Technology / Active Directory ‘mismanagement’ leaves firms vulnerable to attacks

Active Directory ‘mismanagement’ leaves firms vulnerable to attacks

As many as nine in ten businesses could be vulnerable to cyber threats due to their mismanagement of the Microsoft Active Directory system, according to a new report.

Research by Skyport Systems found that many businesses using the network management infrastructure overly expose their administrators’ credentials, leaving them at risk from attackers.

For example, half of the organisations surveyed allowed their administrators to use the same accounts for Active Directory configuration as they do for everything else, and less than ten per cent had implemented secure administrative workstations as recommended by Microsoft.

Meanwhile, less than 25 per cent of businesses used multi-factor authentication for administrator accounts, nearly none had implemented host-based firewalls for their domain controllers and less than 15 per cent were using administrative whitelists.

Microsoft has recommendations for building enhanced security administrative environments, but the report found a lack of awareness of, and action taken on, this advice among companies.

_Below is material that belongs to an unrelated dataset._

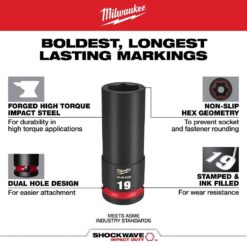 Milwaukee SHOCKWAVE 3/4 in. Drive Metric 6 Point Impact Socket Set (8-Piece)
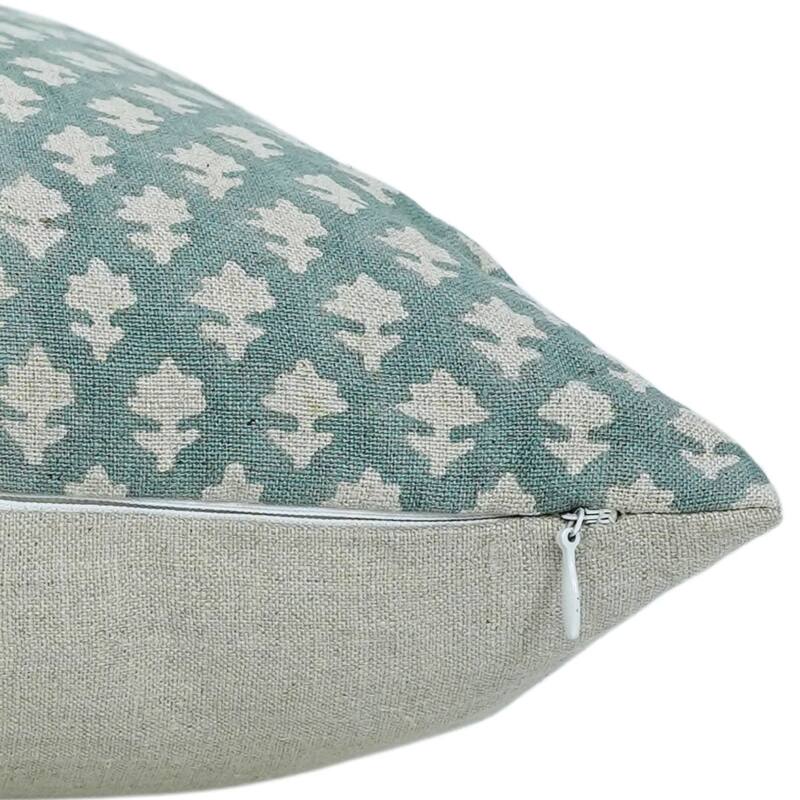 Linen Farmhouse Block print pillow Cover Pinkcity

“We know that over 90 per cent of all organisations use Active Directory to control policies for users and services,” said Russell Rice, senior director for product management at Skyport Systems. “Successful attacks against AD or admin credentials can be devastating because the blast radius reaches nearly every system in the enterprise.

“The data we collected and analysed shows that organisations need to pay more close attention to their AD infrastructure and use a modern approach to securing AD since many attack tools are widely available, effective and free.”

Security experts recommended that firms should implement better Active Directory hygiene by limiting domain admin privileges, configuring secure password policies and patching frequently.

Businesses should also ensure that administrator workstations are secure to prevent credential theft and misuse, and protect their domain controllers against insider and outsider threats.

Large and complex organisations are advised to build isolated forests for administration.